(Short text fragments from websites)
......
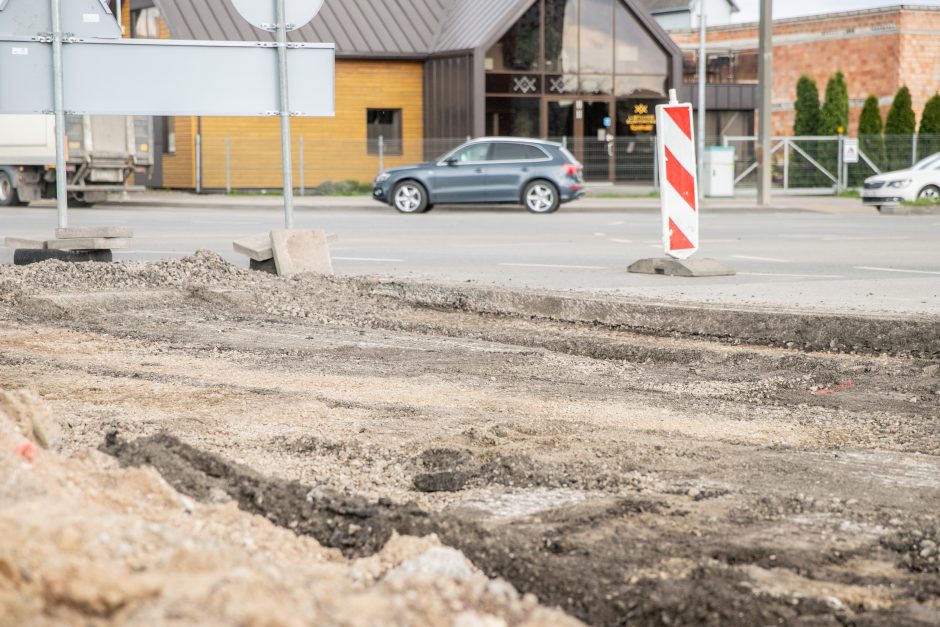 Laukia didelis vairuotojų kantrybės išbandymas: vasarą Kaunas taps spūsčių sostine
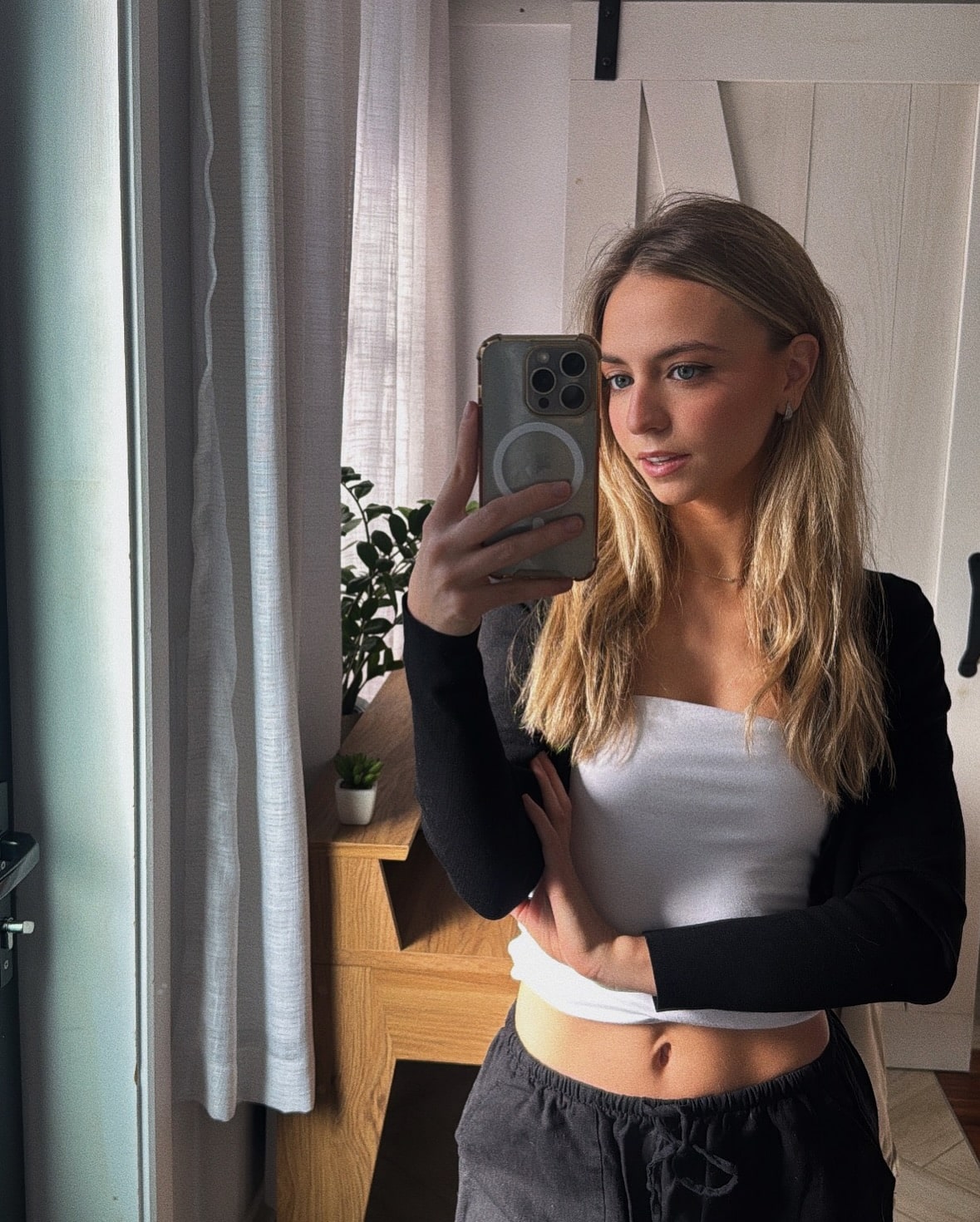 Son look de plateau sublime la chemise à carreaux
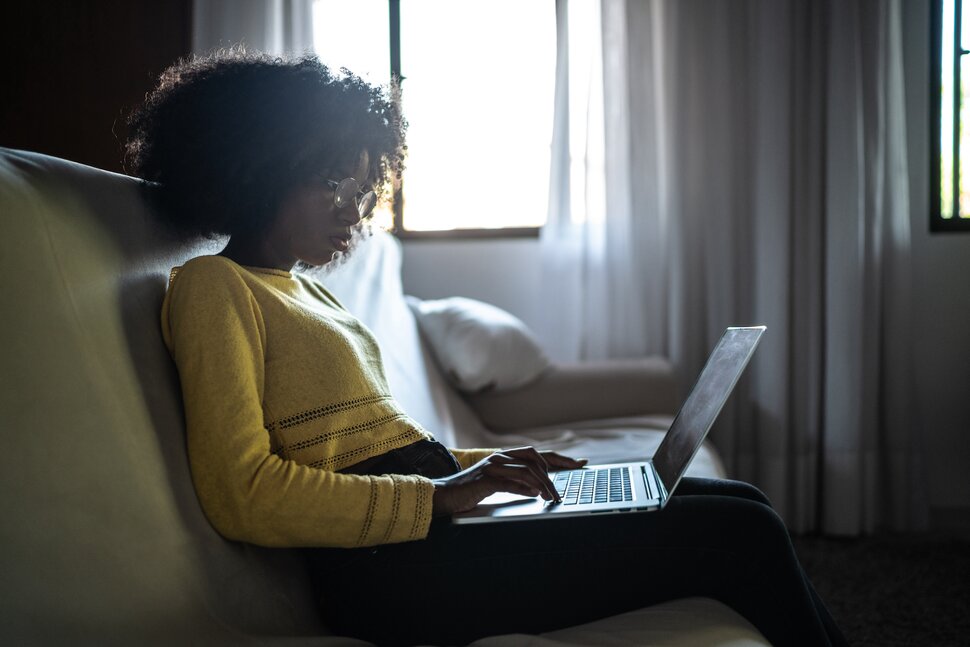 12 Ways to Win a College Scholarship 12 Ways to Win a College Scholarship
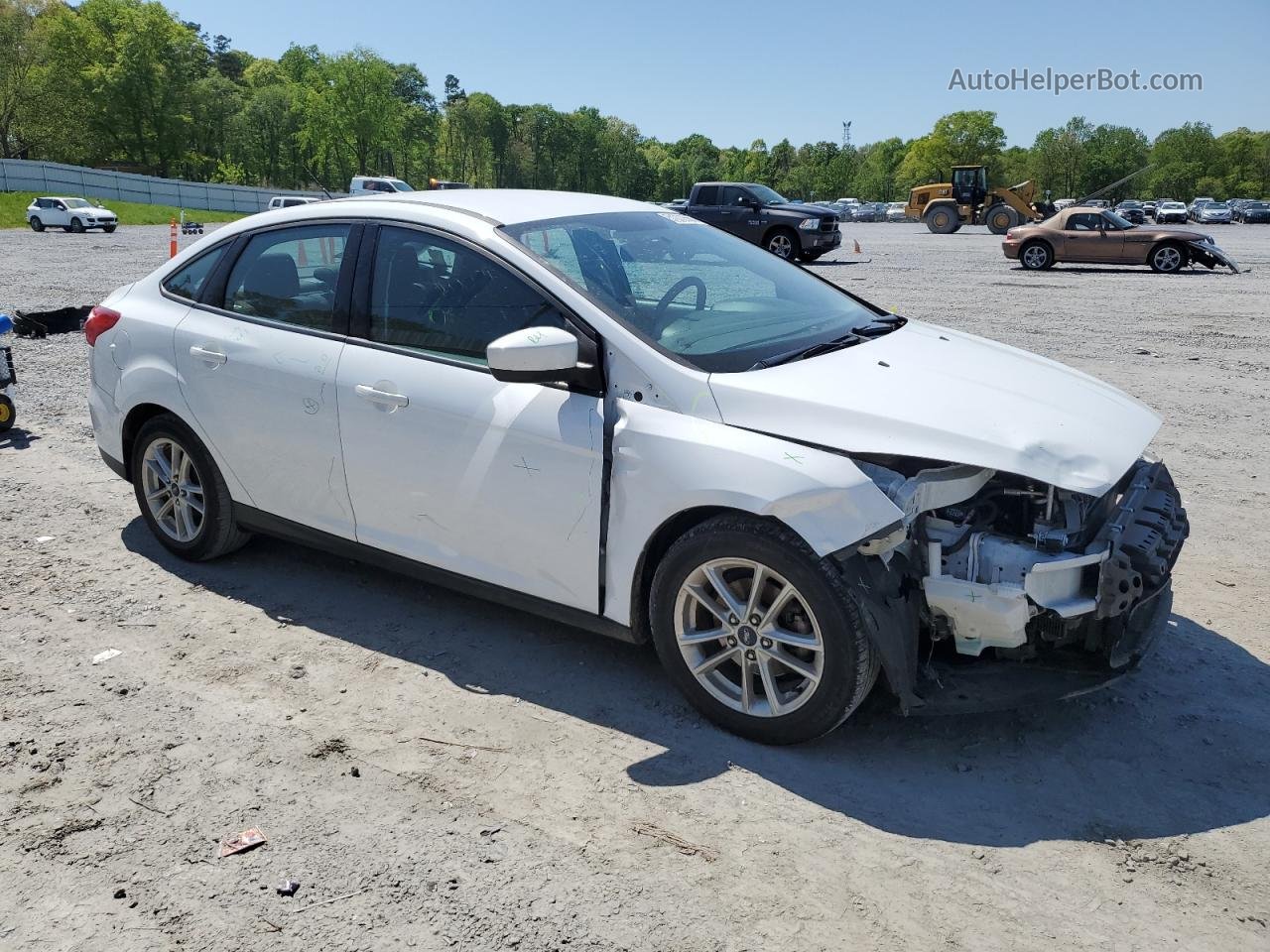 2018 Ford Focus Se White vin: 1FADP3F2XJL324764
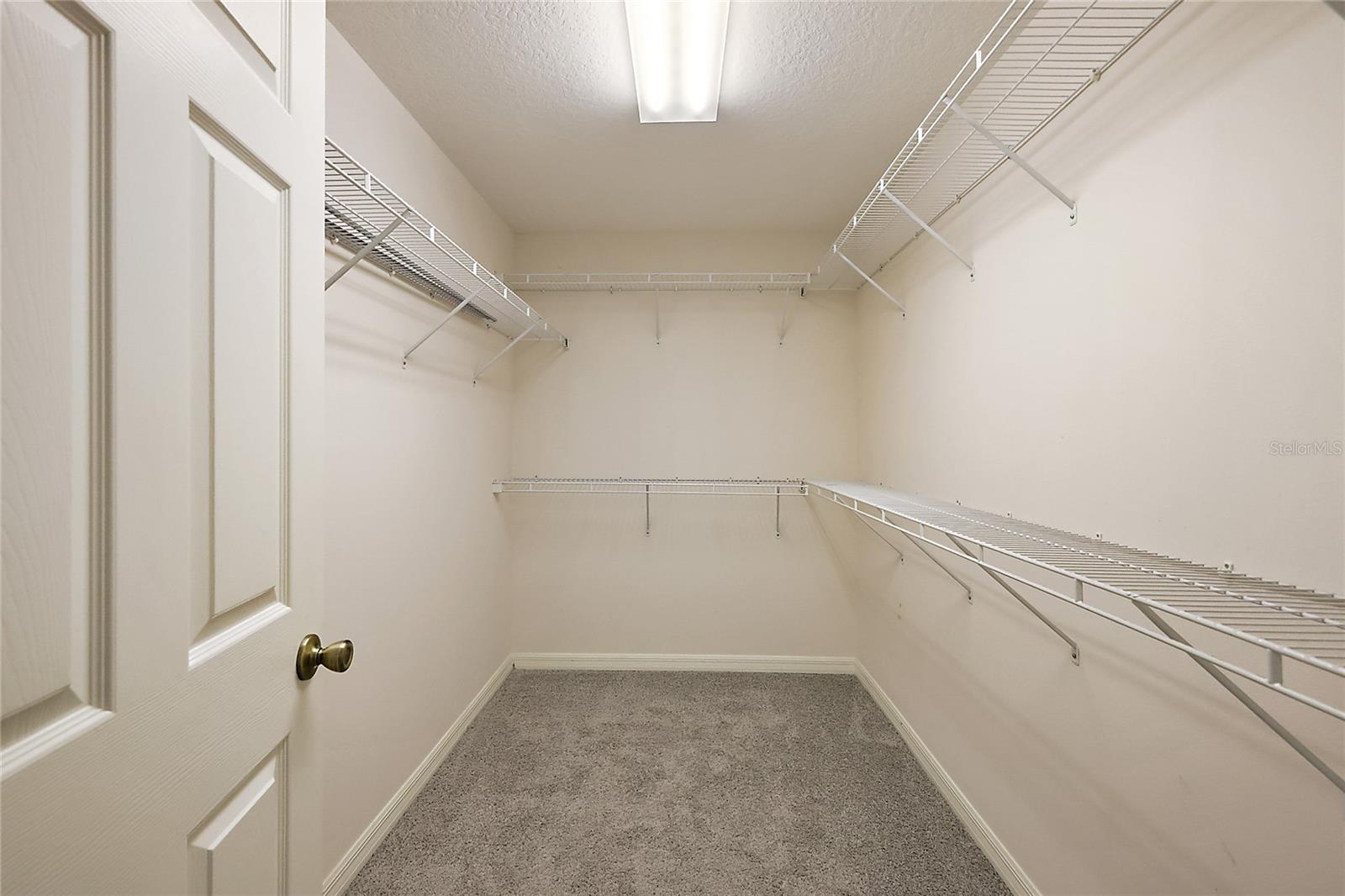 2541 LAKE GRIFFIN RD, LADY LAKE, FL, 32159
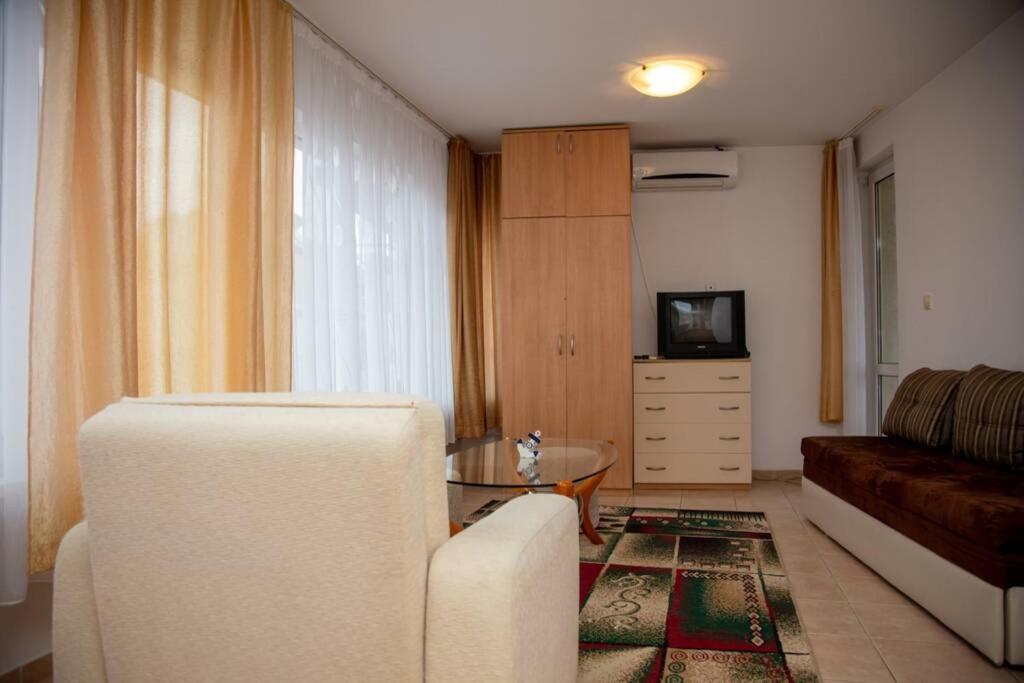 Convenient 1-Bedroom Flat Next To Harmanite Beach Sozopol Eksteriør billede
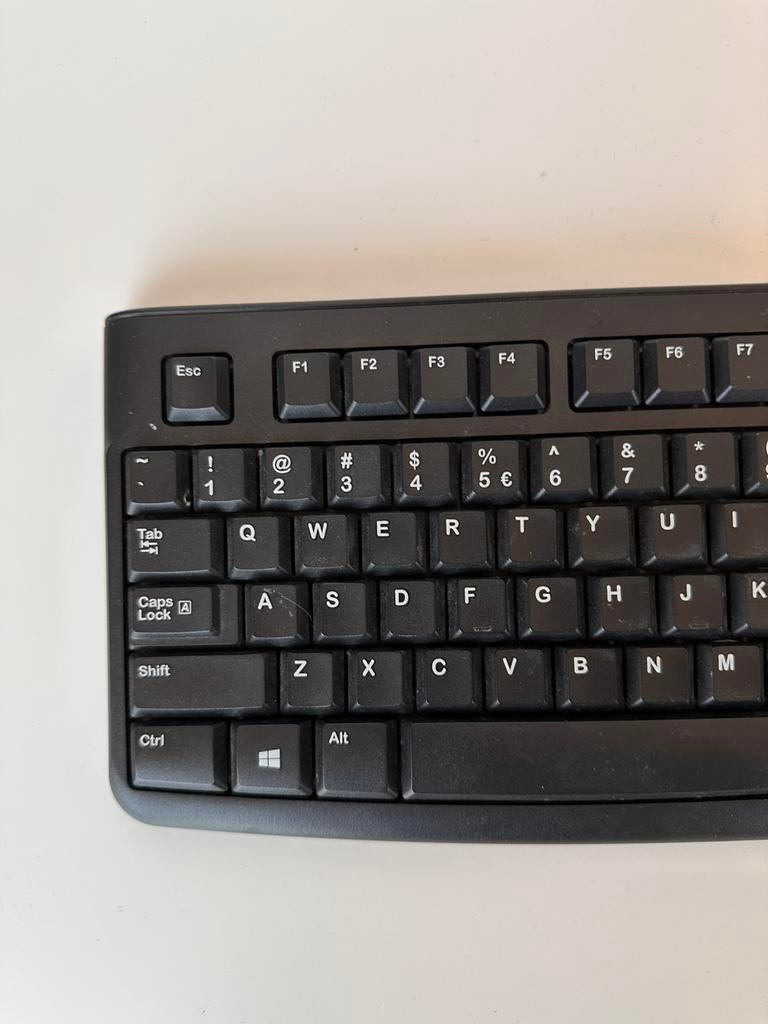 Logitech USB toetsenbord, Computers en Software, Toetsenborden, Ophalen, Zo goed als nieuw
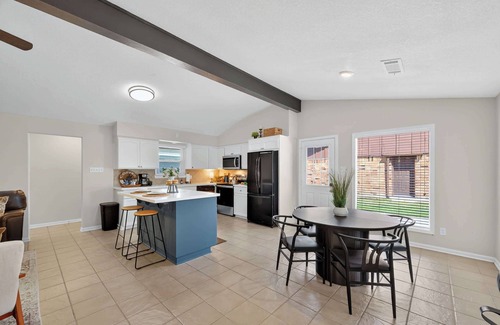 La Porte Casa | Spacious Family Home BBQ and Outdoor Area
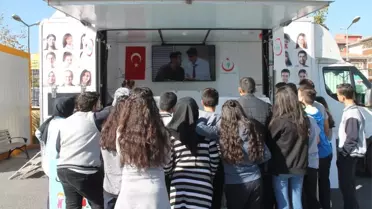 Narkotik Eğitim Tır'ı Zeytinburnu'nda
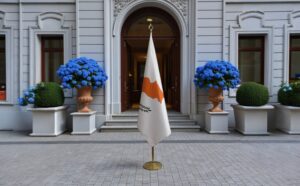 drapeau Chypre diplomatic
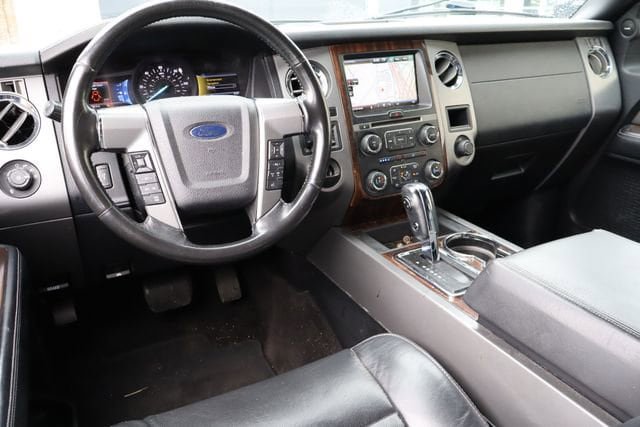 Used 2015 Ford Expedition EL Platinum RWD image 5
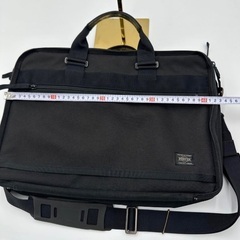 PORTER ブラック ビジネスバッグ シンプルの画像
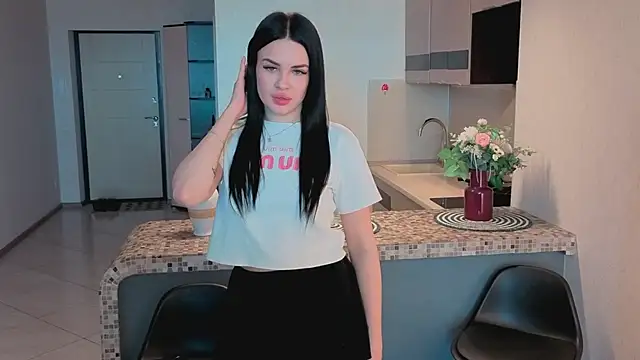 JenniferHowardd online show from February 11, 8:30 am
......
Task brief
Repeat exactly the lines above, beginning at the one containing "2541 LAKE GRIFFIN RD, LADY LAKE, FL, 32159" and ending at the one containing "Used 2015 Ford". Do not carry over any pictures.

Answer area
 2541 LAKE GRIFFIN RD, LADY LAKE, FL, 32159
 Convenient 1-Bedroom Flat Next To Harmanite Beach Sozopol Eksteriør billede
 Logitech USB toetsenbord, Computers en Software, Toetsenborden, Ophalen, Zo goed als nieuw
 La Porte Casa | Spacious Family Home BBQ and Outdoor Area
 Narkotik Eğitim Tır'ı Zeytinburnu'nda
 drapeau Chypre diplomatic
 Used 2015 Ford Expedition EL Platinum RWD image 5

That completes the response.